Aim of the task: Look through the data below for the line with "Foodsporen Cordyceps Liquid", and transcribe it exactly together with each line after it up to and including the line with "ゴールド シルバー ビンテージ". Give nothing else.

Given data:
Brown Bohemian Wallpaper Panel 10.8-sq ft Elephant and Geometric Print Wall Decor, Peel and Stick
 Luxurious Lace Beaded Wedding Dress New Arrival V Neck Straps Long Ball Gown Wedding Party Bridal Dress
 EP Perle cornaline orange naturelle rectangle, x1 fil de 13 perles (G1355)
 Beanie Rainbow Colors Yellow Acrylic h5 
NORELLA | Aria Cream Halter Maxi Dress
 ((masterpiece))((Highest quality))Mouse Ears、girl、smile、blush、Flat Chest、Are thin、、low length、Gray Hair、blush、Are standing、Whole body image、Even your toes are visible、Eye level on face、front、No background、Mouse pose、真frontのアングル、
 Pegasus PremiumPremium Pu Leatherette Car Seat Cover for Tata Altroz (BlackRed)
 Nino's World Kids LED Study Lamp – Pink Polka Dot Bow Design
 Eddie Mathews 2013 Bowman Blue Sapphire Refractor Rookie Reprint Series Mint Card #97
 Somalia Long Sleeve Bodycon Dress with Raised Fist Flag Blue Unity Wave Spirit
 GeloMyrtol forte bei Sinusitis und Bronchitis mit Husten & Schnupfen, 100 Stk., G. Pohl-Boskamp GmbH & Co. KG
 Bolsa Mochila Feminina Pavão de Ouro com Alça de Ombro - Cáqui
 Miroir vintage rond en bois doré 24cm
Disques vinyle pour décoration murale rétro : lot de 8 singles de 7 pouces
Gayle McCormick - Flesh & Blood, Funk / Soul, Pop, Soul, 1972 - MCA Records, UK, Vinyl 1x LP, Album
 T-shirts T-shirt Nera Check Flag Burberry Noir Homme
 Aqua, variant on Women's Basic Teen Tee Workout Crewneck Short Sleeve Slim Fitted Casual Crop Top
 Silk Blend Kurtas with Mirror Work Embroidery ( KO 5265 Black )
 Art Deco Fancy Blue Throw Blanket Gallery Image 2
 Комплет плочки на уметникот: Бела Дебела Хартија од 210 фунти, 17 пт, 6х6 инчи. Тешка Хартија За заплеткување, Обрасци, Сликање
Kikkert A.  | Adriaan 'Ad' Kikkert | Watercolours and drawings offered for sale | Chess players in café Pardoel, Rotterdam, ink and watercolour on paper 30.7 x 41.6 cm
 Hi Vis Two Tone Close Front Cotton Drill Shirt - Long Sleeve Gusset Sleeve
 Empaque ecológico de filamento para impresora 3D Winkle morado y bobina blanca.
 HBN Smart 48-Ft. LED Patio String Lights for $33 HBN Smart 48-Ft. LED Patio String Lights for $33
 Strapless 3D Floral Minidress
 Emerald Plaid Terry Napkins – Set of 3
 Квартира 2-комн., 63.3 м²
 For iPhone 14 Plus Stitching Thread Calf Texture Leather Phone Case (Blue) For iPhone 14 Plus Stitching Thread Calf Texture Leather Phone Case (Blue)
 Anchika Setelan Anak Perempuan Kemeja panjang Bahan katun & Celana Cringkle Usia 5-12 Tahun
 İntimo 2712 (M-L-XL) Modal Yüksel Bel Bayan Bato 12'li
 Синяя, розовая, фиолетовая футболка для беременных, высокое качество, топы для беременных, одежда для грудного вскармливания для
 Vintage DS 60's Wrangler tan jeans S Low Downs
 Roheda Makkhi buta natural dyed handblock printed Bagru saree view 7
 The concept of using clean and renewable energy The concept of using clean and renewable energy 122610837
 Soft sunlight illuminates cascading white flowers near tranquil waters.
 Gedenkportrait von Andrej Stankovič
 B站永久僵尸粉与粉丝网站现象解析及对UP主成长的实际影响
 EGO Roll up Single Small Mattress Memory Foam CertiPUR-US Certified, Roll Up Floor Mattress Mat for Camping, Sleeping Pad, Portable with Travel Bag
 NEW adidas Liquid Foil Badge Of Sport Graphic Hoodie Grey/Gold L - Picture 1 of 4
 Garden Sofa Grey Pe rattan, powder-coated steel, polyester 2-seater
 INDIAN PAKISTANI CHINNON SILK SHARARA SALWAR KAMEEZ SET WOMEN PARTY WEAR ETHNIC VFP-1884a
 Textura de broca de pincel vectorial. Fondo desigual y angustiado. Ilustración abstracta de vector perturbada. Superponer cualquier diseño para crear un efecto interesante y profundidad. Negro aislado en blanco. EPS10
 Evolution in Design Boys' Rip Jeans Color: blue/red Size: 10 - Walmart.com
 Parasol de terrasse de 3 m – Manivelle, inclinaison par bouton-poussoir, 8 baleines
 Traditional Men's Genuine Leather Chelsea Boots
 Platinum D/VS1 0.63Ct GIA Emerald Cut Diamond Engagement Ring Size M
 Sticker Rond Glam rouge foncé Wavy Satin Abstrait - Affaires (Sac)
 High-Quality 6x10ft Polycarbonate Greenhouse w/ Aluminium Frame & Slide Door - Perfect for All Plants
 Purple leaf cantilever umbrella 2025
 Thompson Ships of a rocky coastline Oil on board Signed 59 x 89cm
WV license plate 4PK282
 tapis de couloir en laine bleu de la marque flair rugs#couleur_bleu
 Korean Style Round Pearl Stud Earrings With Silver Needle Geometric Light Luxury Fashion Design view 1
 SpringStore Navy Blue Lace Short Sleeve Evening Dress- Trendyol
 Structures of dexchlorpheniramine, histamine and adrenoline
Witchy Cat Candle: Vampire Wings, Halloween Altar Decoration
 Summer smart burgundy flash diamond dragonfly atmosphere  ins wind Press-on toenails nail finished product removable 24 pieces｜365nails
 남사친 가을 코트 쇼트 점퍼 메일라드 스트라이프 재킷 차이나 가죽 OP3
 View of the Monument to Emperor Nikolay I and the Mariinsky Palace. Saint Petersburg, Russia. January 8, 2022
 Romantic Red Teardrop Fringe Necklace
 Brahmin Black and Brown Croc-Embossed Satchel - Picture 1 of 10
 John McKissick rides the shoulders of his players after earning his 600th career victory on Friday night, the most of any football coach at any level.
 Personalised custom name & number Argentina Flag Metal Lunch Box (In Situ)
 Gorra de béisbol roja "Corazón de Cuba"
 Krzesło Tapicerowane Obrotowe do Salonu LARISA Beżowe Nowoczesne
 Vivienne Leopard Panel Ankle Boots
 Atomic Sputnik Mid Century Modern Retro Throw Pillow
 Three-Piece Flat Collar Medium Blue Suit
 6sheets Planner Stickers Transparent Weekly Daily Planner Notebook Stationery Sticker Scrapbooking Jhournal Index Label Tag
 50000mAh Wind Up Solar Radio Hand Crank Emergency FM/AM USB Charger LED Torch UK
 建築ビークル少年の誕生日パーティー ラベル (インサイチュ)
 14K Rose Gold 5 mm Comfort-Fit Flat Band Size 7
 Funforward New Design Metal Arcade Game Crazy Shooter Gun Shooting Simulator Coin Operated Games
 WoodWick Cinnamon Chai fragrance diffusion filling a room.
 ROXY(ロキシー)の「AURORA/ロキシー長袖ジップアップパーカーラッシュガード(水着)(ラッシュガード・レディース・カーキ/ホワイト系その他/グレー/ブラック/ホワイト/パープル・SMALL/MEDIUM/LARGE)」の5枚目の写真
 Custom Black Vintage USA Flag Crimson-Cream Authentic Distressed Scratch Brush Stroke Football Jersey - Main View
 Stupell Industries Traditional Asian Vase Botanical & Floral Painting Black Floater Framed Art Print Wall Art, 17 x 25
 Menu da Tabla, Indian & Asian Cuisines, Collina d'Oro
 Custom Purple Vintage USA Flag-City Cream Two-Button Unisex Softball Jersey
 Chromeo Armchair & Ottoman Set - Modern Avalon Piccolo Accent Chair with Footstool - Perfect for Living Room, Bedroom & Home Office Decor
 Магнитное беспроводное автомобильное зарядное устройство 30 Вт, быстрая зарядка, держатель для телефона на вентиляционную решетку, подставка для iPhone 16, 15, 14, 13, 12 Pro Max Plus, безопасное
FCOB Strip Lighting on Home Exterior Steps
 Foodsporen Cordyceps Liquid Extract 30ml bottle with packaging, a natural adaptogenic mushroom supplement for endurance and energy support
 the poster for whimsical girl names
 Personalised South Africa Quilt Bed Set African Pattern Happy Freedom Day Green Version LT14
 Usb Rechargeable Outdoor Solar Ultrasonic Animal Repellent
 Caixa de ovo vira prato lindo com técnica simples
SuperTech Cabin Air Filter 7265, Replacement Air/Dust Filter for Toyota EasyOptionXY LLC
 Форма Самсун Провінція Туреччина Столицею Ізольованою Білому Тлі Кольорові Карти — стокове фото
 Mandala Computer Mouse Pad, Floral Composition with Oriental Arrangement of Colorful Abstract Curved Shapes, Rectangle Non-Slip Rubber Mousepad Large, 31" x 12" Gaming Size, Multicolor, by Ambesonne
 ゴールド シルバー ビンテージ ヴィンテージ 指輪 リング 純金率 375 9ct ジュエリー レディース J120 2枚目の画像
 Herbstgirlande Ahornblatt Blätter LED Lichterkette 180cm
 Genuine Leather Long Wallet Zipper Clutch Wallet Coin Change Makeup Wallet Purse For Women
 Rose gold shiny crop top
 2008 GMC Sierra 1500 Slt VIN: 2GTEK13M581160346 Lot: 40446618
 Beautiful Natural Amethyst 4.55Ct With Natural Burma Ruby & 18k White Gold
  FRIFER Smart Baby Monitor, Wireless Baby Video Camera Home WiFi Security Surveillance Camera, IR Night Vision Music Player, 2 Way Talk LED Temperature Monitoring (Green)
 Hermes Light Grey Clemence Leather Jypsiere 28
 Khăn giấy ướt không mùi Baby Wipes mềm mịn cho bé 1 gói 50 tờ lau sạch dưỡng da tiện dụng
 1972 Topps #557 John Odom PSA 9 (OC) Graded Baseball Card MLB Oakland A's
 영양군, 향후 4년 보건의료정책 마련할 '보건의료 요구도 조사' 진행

Written reply:
 Foodsporen Cordyceps Liquid Extract 30ml bottle with packaging, a natural adaptogenic mushroom supplement for endurance and energy support
 the poster for whimsical girl names
 Personalised South Africa Quilt Bed Set African Pattern Happy Freedom Day Green Version LT14
 Usb Rechargeable Outdoor Solar Ultrasonic Animal Repellent
 Caixa de ovo vira prato lindo com técnica simples
SuperTech Cabin Air Filter 7265, Replacement Air/Dust Filter for Toyota EasyOptionXY LLC
 Форма Самсун Провінція Туреччина Столицею Ізольованою Білому Тлі Кольорові Карти — стокове фото
 Mandala Computer Mouse Pad, Floral Composition with Oriental Arrangement of Colorful Abstract Curved Shapes, Rectangle Non-Slip Rubber Mousepad Large, 31" x 12" Gaming Size, Multicolor, by Ambesonne
 ゴールド シルバー ビンテージ ヴィンテージ 指輪 リング 純金率 375 9ct ジュエリー レディース J120 2枚目の画像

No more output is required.